Task details: Transcribe nothing but the lines from the one with "Sleek Black Car" to the end of the entries, both included, keeping each exact and leaving every picture out.

=== Input data ===

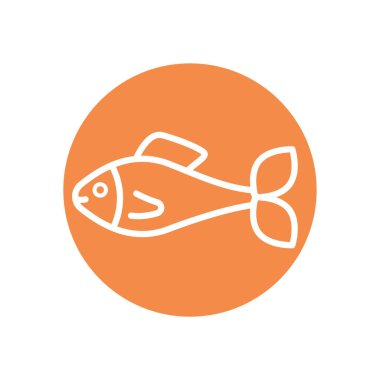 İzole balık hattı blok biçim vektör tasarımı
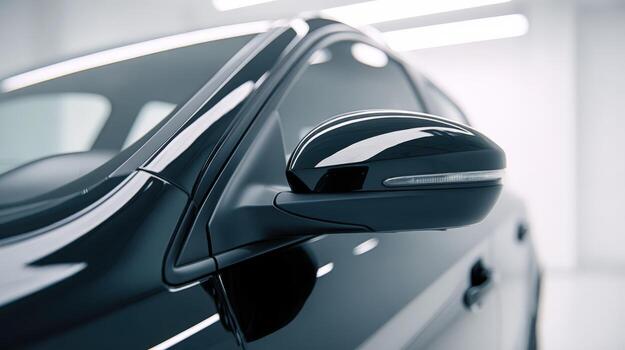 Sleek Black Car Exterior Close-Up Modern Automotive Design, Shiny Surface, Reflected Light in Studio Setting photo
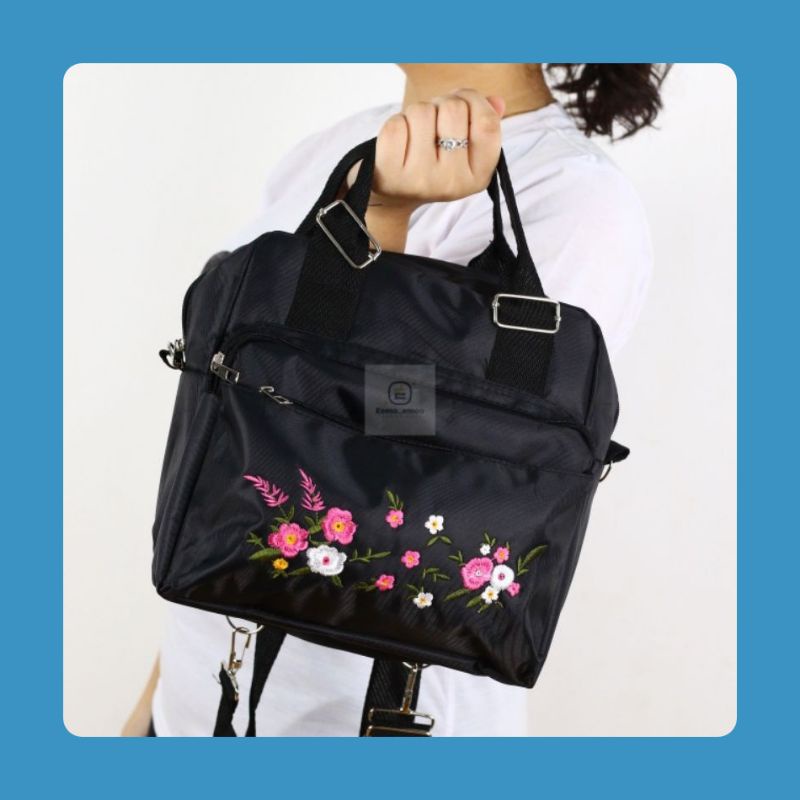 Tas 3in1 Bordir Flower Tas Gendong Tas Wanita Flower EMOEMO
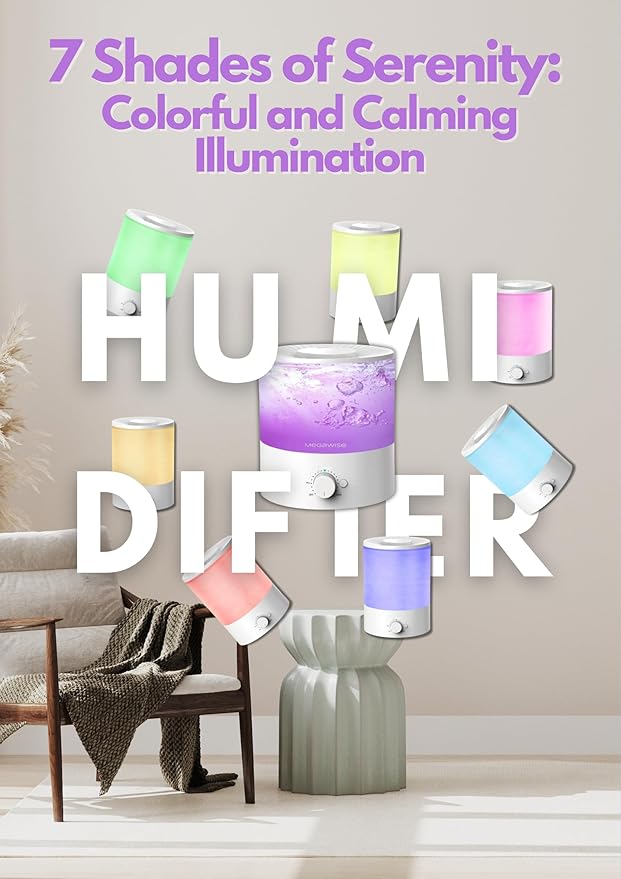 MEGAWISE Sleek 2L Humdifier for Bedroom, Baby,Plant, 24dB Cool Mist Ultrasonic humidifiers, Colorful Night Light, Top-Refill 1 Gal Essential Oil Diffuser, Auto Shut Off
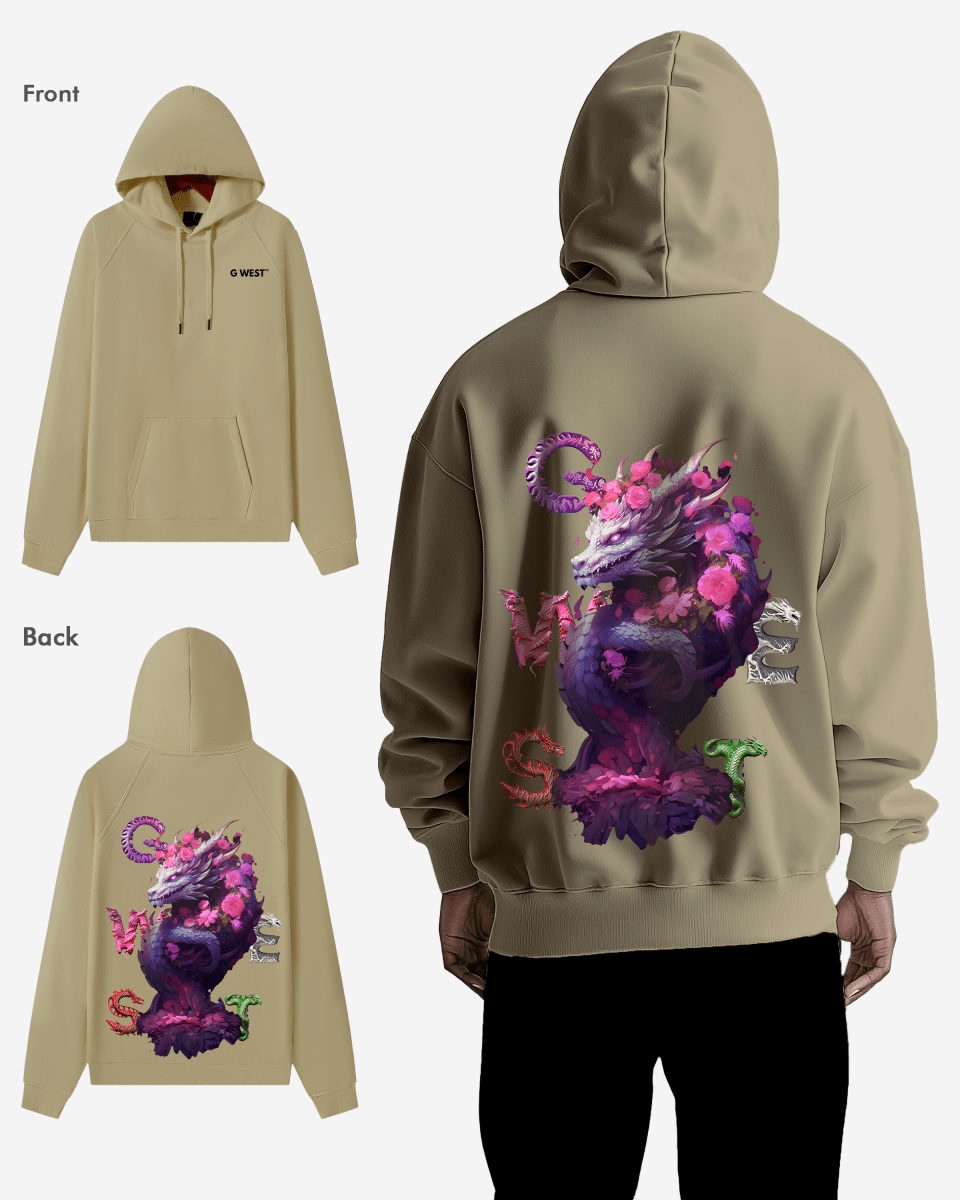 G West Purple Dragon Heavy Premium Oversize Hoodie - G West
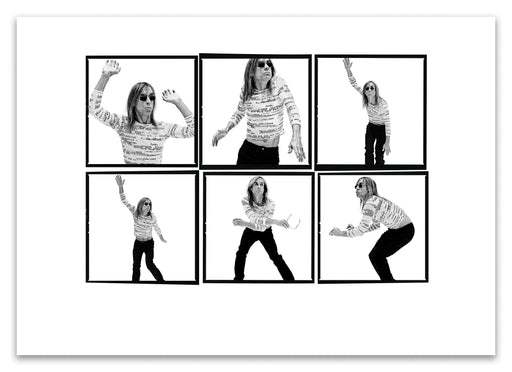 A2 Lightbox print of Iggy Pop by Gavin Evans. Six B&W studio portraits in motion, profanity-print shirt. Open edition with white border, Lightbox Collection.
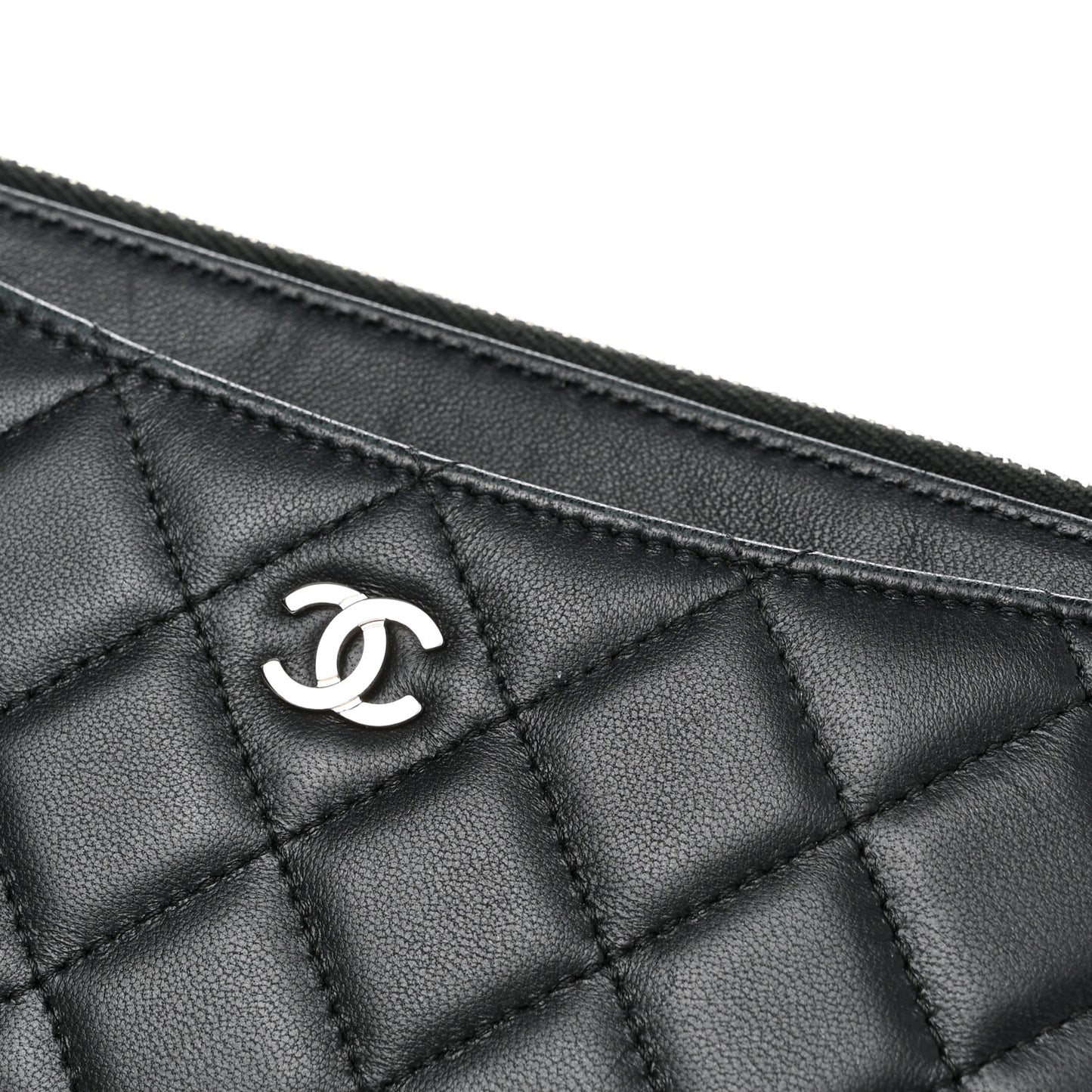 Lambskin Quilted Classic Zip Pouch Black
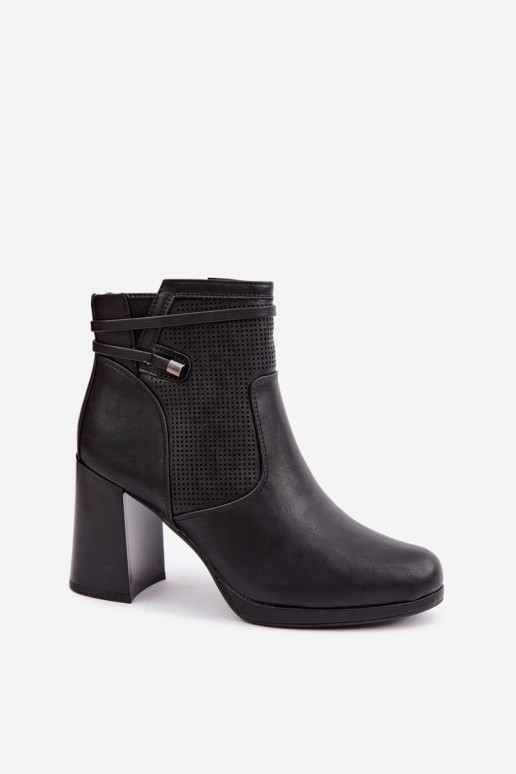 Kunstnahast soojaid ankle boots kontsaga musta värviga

===

Answer section:
 Sleek Black Car Exterior Close-Up Modern Automotive Design, Shiny Surface, Reflected Light in Studio Setting photo
 Tas 3in1 Bordir Flower Tas Gendong Tas Wanita Flower EMOEMO
 MEGAWISE Sleek 2L Humdifier for Bedroom, Baby,Plant, 24dB Cool Mist Ultrasonic humidifiers, Colorful Night Light, Top-Refill 1 Gal Essential Oil Diffuser, Auto Shut Off
 G West Purple Dragon Heavy Premium Oversize Hoodie - G West
 A2 Lightbox print of Iggy Pop by Gavin Evans. Six B&W studio portraits in motion, profanity-print shirt. Open edition with white border, Lightbox Collection.
 Lambskin Quilted Classic Zip Pouch Black
 Kunstnahast soojaid ankle boots kontsaga musta värviga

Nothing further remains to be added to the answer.